D'Vauntes Smith-Rivera, Georgetown: Is DSV is the Hoyas' most talented backcourt scorer since Allen Iverson? Maybe it's more like Victor Page. Or Austin Freeman. Whatever the case, the 6-3 sophomore has provided much-needed offense for G'town, like in Saturday's win over St. John's when he scored 31 points and hit six threes. He also helped bottle up Red Storm star guard D'Angelo Harrison, who finished with four points on 1-for-12 shooting.



Elijah Wilson, Coastal Carolina: You want exclusive company? Wilson shares the single-game scoring record (42) at Laney High School in North Carolina with none other than Michael Jordan. The 6-4 guard has made an immediate impact in college, leading the team in scoring (15.2 ppg) and getting a team-high 19 in Friday's win over Central Connecticut State. Wilson scored 25 against Minnesota earlier this season, had 16 against Clemson and 14 against Ole Miss.

Cameron Forte, Georgia: In a rebuilding year for the Bulldogs, Forte has shown signs of being a future impact player in the SEC. In just 13 minutes of playing time in Friday's blowout loss to George Washington, the 6-7 forward had 14 points on 7-for-7 shooting and eight rebounds.

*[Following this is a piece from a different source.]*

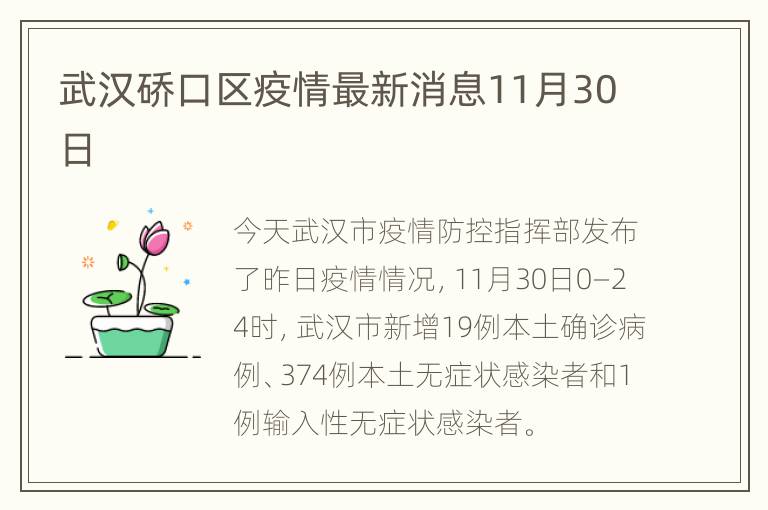 武汉硚口区疫情最新消息11月30日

Que Johnson, Washington State: Three days after his whole team scored 25 points in an embarrassing loss to Arizona, Johnson personally did his part in getting the Cougars' offense back on track by scoring 18 against Arizona State on Sunday. It wasn't enough for a win, but at least the team won't have to stop wearing WSU Basketball gear on campus.

Bryce Alford, UCLA: Just like Shane McMahon going all-out with top-rope elbow drops and suicide dives to advance Vince McMahon's agenda in the ring, son Bryce Alford came off the bench in father Steve Alford's biggest game so far as head coach at UCLA and rained 20 points on USC on Sunday, hitting four threes.



Arizona: After laying the smack down (60-25) on a Washington State team that would've been overmatched even if they weren't missing two starters, the top-ranked Wildcats passed their first real Pac-12 test in Saturday's win over Washington. Although Arizona was taller and more talented than the Huskies at every position, UW outmuscled UA and was ahead on the scoreboard midway through the second half. But great teams adapt. Unable to push through UW, Arizona went over them. Back-to-back dunks by Aaron Gordon (18 pts, 11 rebs) and Nick Johnson (24 pts) gave the Wildcats the lead, and clutch free-throw shooting down the stretch allowed them to hang on and stay undefeated.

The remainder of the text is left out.